As Congruent began getting traction in a few verticals, Bala began analysing domains that were being serviced by them and found that the Back Office Pension Administration was an area that that was untapped and realized a huge opportunity and added a service line in that area. Congruent Solutions began providing Soup to Nuts services for the back office in non-customer facing operation such as compliance testing (one of the very few companies in the world to handle this process from an offshore location). The team at Congruent became competent in offering this service and they began picking up lots of customers. They also got involved with SPARK (Industry body for Pension Administration) and their Executive Vice President in the US, San Asuti, has been the board member in SPARK for the past 8 years and was listed among the Hundred Most Influential Contributors in the Defined Contribution space in 2013.

Customer Validation

Bala and the core team began interacting with the C level buyers in the industry and they found out a key need – the industry was hurting for a modern record keeping platform. Most of the platforms were 20 years old in the industry and clients were paying Tens of Millions of Dollars annually for the upkeep of these platforms. And suffering from their inflexibility as well – for example, updating small rule changes would take months to incorporate into these systems. The clients had little choice but to put up with this because there were no alternatives. By virtue of their operational experiences in the same space, Congruent understood the nuances of challenges and the limitations of technology and, one bright day, they decided to build a next generation platform for the industry which was a huge ask because this was like building an ERP from scratch. They still realized the huge potential of the market and decided to take the risk and started the product development in 2010 and it has taken this while to put together the product and to mature it.
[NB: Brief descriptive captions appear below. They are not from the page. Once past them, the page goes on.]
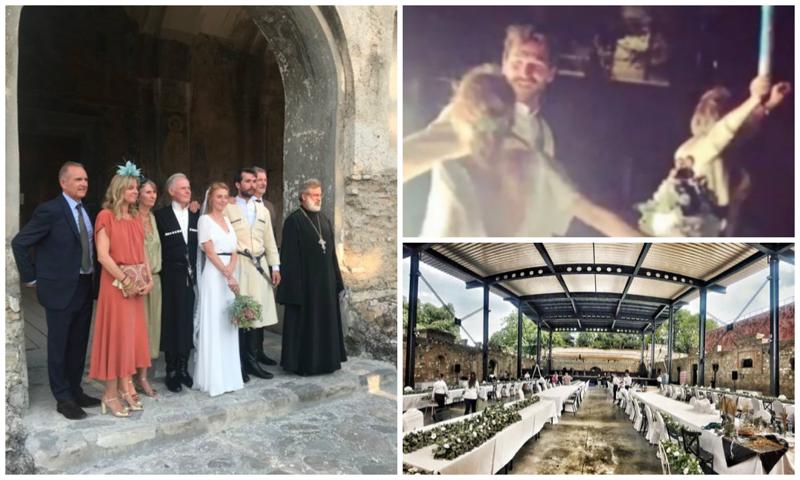 ალექსანდრე ჭავჭავაძის შთამომავალმა წინანდლის მამულში გრანდიოზული ქორწილი გადაიხადა (ფოტო)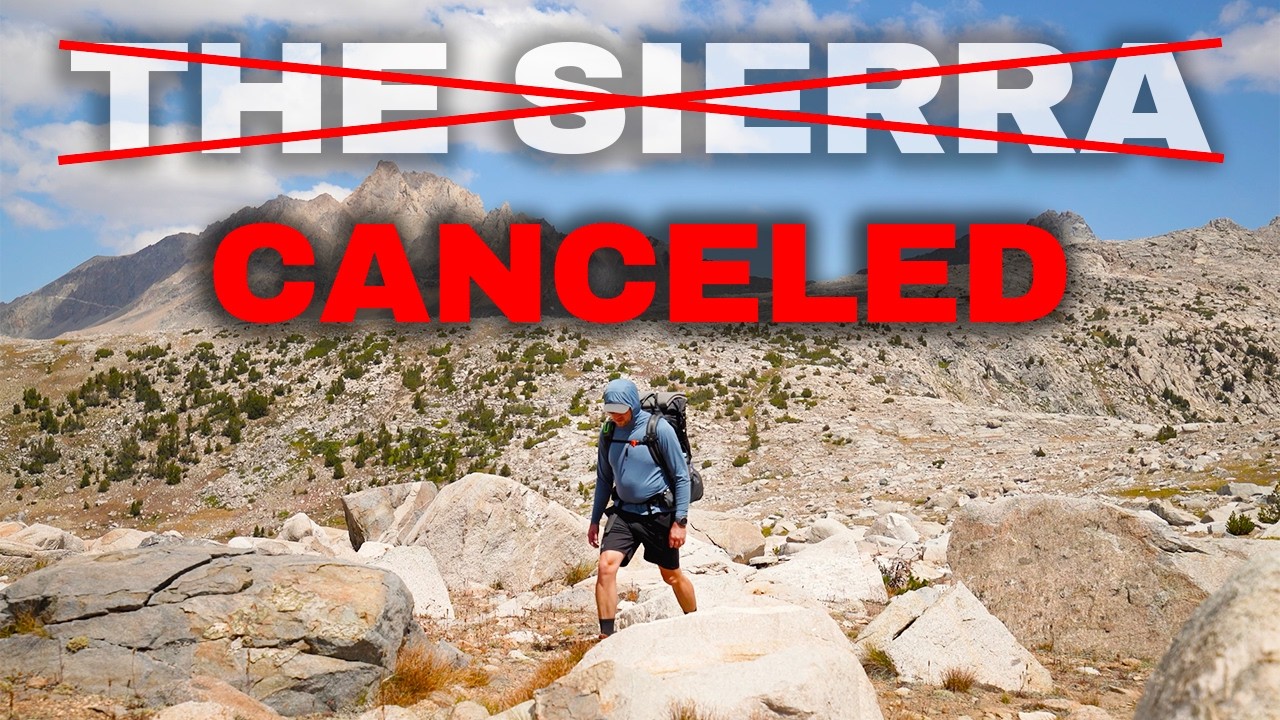 When Wildfires Force Hike Cancellations: A Sierra Nevada Case Study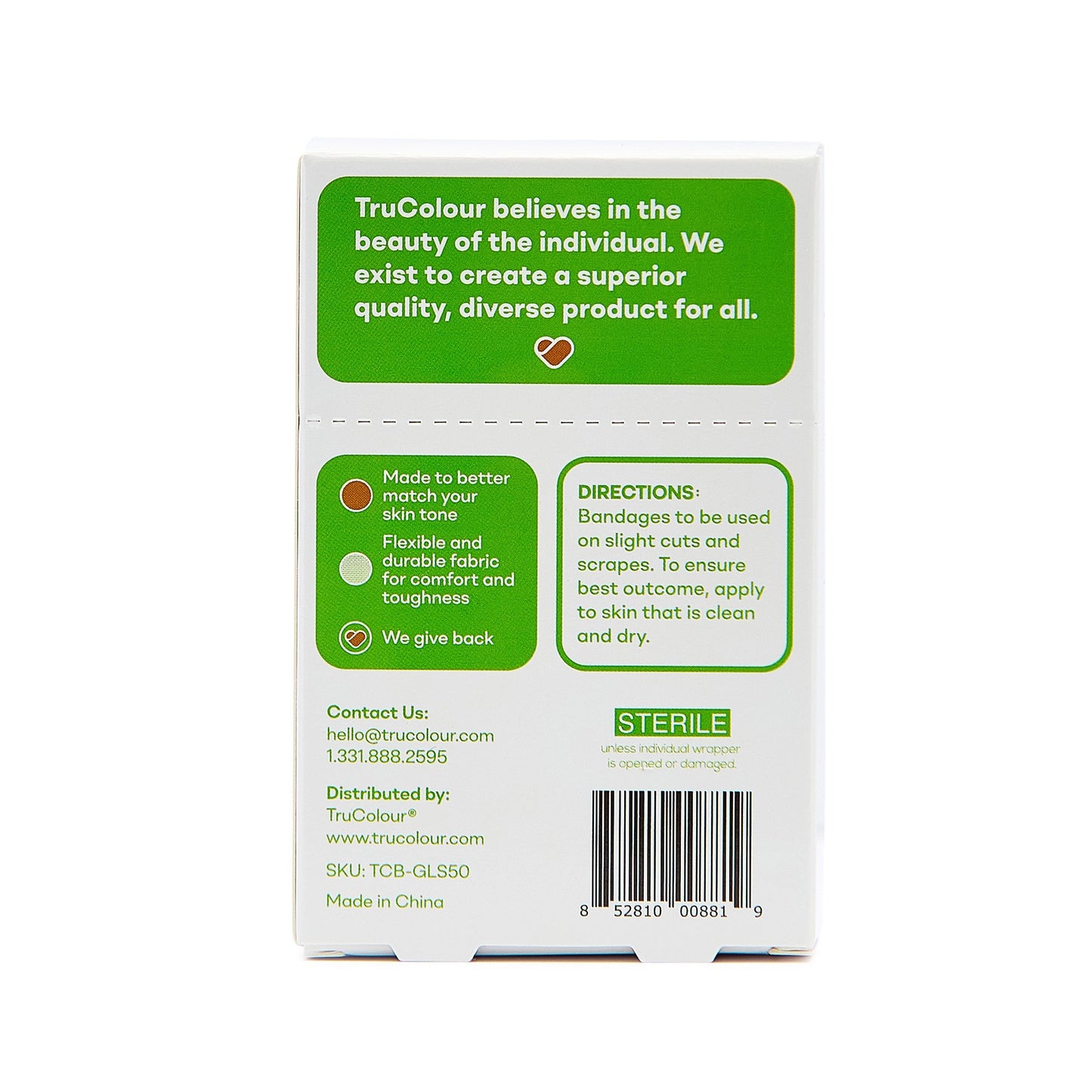Tru-Colour Skin Tone Shade Fabric Bandage Adhesive Strips – Olive, 1 x 3 Inch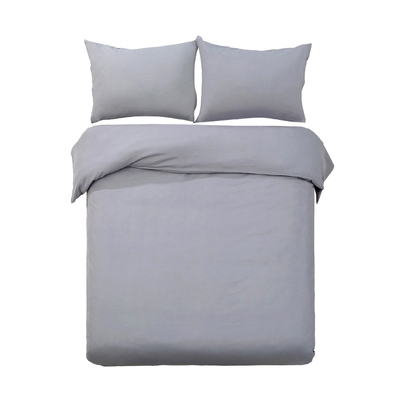 Quilt Cover Set Classic Grey Super King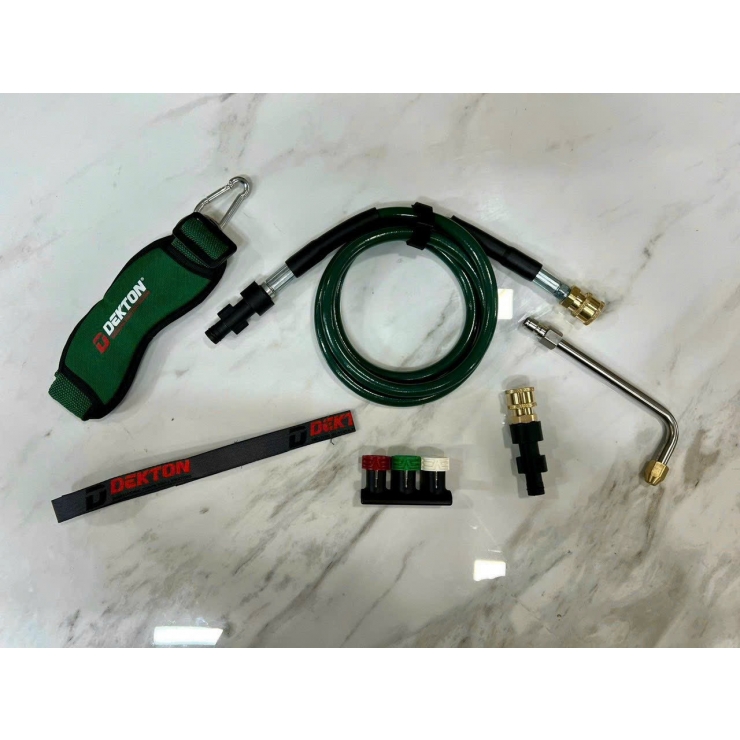 Bộ Phụ Kiện Cho Máy Rửa Xe Pin Dekton ( Chuyên Rửa Điều Hòa )
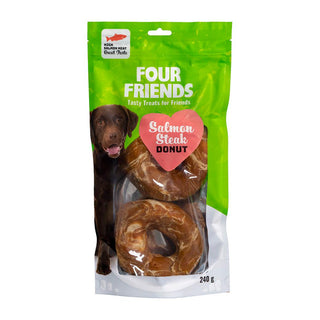 FourFriends Dog Salmon Steak Donut 2-pack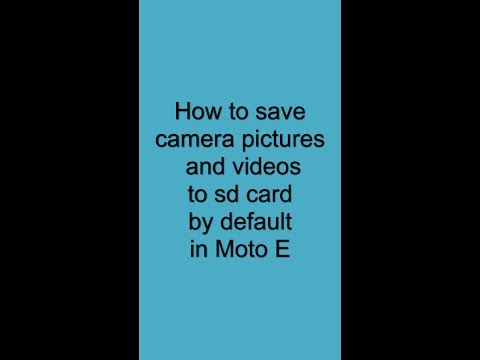 how to save pictures from camera to sd card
Decisions Taken on the Product

Bala talks about the innovations and the risky decisions they took to be a pioneer that helped build the rock solid product that is there today. One decision was that it should be modular in nature. They kept it so easy that the clients can still take a part of the solution from Congruent and can integrate that with their existing system even if they do not want an end to end replacement of their legacy record keeping system. The second decision was that the product was built to be easily adaptable to other countries’ rules as well as support multi-lingual capabilities so as to address markets beyond the US. This specific approach was a result of a research of the global pension landscape. With lifespans increasing, the employers ended up spending more and more for the traditional Defined Benefits pension schemes. In the late 1970’s and early 1980’s a few countries, including the US, introduced Defined Contribution where the contribution is defined but the final benefit is a function of the investment choices the clients make. The uniqueness of the platform is the architecture of the core product being the same for different geographies but the implementation of the rules will be external to the code base which allowed configuration of the product to their needs so easily. Bala also recollects the other decision they took was to adopt the Microsoft platform which allowed them to support multi-lingual which many customers loved. The clients loved this because they could not believe that a Spanish language screens could be switched on the fly.

Bala says that the team could anticipate the need for such an enterprise solution because Congruent has been working with the people in this vertical for more than a decade and solving a lot of other operational problems for them. But all along, Bala was clear that the product built by the Congruent team would be best of breed and make a business impact for their clients. Bala says that one of the important first step they took was to hire a very seasoned senior operations executive with over 20 years of experience in the operations of a large Tier 1 provider which was exactly the market they were going to address, to articulate the functional requirements in detail. Bala also says that “We didn’t know what we didn’t know and hence did not want to be limited by our view of what the product should and should not do”. They, therefore, decided to get an outsiders’ perspective on the product functionality. As the product development unfolded and they demonstrated the product to some important prospects, it was becoming clear that the market was taking them seriously, but things did not go the way they wanted and it soon became apparent that it was the GoToMarket approach that needed fine tuning.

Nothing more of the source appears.